U.S. and Cuba: Profiting from the rekindled relationship
By Tyler Percival From Seeking Alpha
Disclosure: I/we have no positions in any stocks mentioned, and no plans to initiate any positions within the next 72 hours. Summary
The United States and Cuba have begun to re-establish a relationship.
There are many opportunities to profit from renewed relations.
Cuba has begun to focus on private enterprise.
The President has made an effort to mend relations with previously outcast Cuba over the past few months. Both countries re-opened their respective embassies and restrictions are being eased. While a full lift of the trade embargo placed on Cuba is still a ways off, there has been great improvement and with it, great opportunity. Cuba has also made plans to allow somewhere around 1 million American tourists, supplementing its some 3 million tourists from other nations across the globe.
To supplement this projected increase in cash flow, due purely to the easing of restrictions, the Cuban government has placed its focus behind private enterprise and business in Cuba with various reforms in an attempt to spur the economy. The coupling of increased cash flow from a developed nation such as the U.S. and a large scale push towards private enterprise and investment within the country already in motion, Cuba has the potential to see a spike in their economy and make a name for itself as a newly emerging market.

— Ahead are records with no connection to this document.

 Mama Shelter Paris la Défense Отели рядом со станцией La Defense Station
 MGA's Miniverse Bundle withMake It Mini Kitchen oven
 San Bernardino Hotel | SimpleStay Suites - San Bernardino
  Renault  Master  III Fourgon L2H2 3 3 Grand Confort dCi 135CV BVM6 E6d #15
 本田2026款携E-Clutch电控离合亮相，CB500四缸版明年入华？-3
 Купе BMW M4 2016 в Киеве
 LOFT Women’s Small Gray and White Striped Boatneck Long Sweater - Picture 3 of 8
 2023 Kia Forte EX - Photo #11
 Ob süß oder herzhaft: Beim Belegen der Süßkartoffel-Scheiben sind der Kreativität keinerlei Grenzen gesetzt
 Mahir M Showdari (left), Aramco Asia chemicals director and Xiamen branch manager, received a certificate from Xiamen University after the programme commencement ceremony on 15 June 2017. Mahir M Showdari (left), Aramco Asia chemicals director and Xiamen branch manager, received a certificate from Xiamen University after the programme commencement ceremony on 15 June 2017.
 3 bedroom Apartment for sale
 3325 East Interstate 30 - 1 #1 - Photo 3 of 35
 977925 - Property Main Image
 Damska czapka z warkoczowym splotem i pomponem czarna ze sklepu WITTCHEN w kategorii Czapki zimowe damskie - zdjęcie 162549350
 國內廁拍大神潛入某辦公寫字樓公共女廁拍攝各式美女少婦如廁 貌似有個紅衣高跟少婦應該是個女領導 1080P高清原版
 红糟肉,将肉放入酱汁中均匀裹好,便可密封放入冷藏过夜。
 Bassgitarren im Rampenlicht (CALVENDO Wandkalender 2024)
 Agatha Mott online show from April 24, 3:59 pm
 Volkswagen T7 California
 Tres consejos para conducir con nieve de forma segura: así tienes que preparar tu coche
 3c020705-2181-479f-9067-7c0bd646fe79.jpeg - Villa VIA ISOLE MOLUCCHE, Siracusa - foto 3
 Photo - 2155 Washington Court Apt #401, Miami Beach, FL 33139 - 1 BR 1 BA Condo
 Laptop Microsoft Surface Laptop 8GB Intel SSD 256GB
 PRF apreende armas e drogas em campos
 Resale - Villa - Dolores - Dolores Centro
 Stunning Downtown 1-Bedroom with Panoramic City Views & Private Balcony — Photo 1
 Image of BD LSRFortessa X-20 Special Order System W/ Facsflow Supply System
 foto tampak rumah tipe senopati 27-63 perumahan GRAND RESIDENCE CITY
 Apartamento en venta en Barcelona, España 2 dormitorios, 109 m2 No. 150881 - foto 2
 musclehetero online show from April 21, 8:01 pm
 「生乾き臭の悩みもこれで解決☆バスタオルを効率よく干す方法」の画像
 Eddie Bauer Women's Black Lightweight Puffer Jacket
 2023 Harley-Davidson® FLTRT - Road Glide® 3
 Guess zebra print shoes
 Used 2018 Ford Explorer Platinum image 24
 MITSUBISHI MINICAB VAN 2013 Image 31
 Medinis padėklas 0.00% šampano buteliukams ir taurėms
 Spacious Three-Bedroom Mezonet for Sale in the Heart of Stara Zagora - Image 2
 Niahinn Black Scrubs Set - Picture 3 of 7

There are a few key ways to profit from the situation in Cuba, all having some level of risk as many foreign emerging investments would. The first way to position a portfolio through an ETF with a portion of Cuban investment built in. A great option for this is the Herzfeld Caribbean Basin Fund (NASDAQ:CUBA), an ETF with plans for a large investment in Cuba. This option is an easy way to diversify quickly, with holdings in a number of companies that have the potential to benefit from a better economy and the emergence of a private sector in Cuba.
For example, its investment in Seaboard Corp. (NYSEMKT:SEB), a company with a variety of services from ocean transporting to sugar processing, has the potential to see large returns as the Cuban economy increases. This is due to the fact that Cuba will need to import many of its resources, while also processing one of its largest resources, sugar. SEB is a multifaceted holding that is beneficial to the Cuban project on various fronts.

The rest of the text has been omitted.